I used to wake up every morning at 6am, enjoy a quiet cup of coffee with my husband, then spend a couple hours working on the computer before my daughter woke up.

Now she wakes me up around 4:30 or 5:00 each morning with her obnoxiously cheery “Hi, Mamma!”

I can’t even begin to describe how grouchy I am when I have to engage before my morning cup of coffee.

I used to be excited to see my daughter come bursting through the door to the kitchen in the morning. She would always strike a certain pose as she slammed the door shut behind her, and it reminded me of Christopher Reeve’s Superman. Now when I see her eyes peering at me just over the mattress of my bed I get a seething clench of dread in my chest. Not the kind of warm fuzzies we mothers want to have about our children.
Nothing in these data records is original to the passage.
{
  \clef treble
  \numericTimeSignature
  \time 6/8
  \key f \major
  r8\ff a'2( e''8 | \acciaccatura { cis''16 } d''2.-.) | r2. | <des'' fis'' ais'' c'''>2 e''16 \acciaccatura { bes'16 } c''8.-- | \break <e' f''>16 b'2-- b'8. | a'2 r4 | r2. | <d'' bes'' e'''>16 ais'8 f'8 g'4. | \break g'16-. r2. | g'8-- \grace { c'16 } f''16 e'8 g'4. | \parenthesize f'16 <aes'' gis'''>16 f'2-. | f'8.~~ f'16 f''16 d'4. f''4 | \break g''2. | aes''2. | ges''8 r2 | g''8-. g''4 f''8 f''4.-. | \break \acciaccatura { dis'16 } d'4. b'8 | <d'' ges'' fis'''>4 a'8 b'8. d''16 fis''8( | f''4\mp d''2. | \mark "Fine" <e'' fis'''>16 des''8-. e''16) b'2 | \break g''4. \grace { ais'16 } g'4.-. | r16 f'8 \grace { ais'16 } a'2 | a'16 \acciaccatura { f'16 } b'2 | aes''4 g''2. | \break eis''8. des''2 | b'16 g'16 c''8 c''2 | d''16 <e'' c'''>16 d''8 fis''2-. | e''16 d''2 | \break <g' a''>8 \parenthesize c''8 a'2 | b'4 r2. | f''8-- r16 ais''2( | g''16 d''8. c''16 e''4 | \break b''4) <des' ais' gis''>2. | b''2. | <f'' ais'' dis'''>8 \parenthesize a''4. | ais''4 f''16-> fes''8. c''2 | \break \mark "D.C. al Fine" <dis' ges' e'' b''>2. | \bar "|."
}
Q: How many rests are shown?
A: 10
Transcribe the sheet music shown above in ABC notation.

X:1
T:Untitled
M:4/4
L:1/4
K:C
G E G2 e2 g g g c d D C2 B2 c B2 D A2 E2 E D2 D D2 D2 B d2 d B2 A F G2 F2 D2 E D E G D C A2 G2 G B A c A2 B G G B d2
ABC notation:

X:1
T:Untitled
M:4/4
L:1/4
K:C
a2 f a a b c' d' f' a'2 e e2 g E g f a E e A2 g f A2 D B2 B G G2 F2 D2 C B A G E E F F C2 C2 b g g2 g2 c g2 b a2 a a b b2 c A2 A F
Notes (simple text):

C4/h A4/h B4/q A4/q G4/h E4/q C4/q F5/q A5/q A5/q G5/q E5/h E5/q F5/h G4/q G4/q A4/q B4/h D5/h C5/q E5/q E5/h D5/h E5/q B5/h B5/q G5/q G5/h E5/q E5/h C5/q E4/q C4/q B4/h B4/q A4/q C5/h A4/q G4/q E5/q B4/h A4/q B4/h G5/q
I am a mean person when I am sleep deprived – a point which my two-year-old has not yet clued into, but would benefit greatly from knowing.

These days when I consume my morning cup of coffee, I am standing in the middle of my kitchen with squinty eyes watching cable news — or Barney, depending on which one of us has the stronger will that morning – while Ruthie eats her bowl of cereal and I periodically shush her for trying to talk to me.

Disoriented, I have vague memories of silence, of birds chirping, of that still in the air as the sun begins to rise. I wonder what the heck I was thinking, spending those precious mornings doing something so stupid as paying bills or returning emails when I could have been writing, or reading, or sleeping for crying out loud.

I now believe that an organized life is overrated. I do what I can, but if you come to my house and find balls of dog hair floating across the hardwood floors and dirty dishes in my sink you won’t see a look of apology on my face, because that means I had a nap today, which means I won’t bite your nose off when you try to talk to me.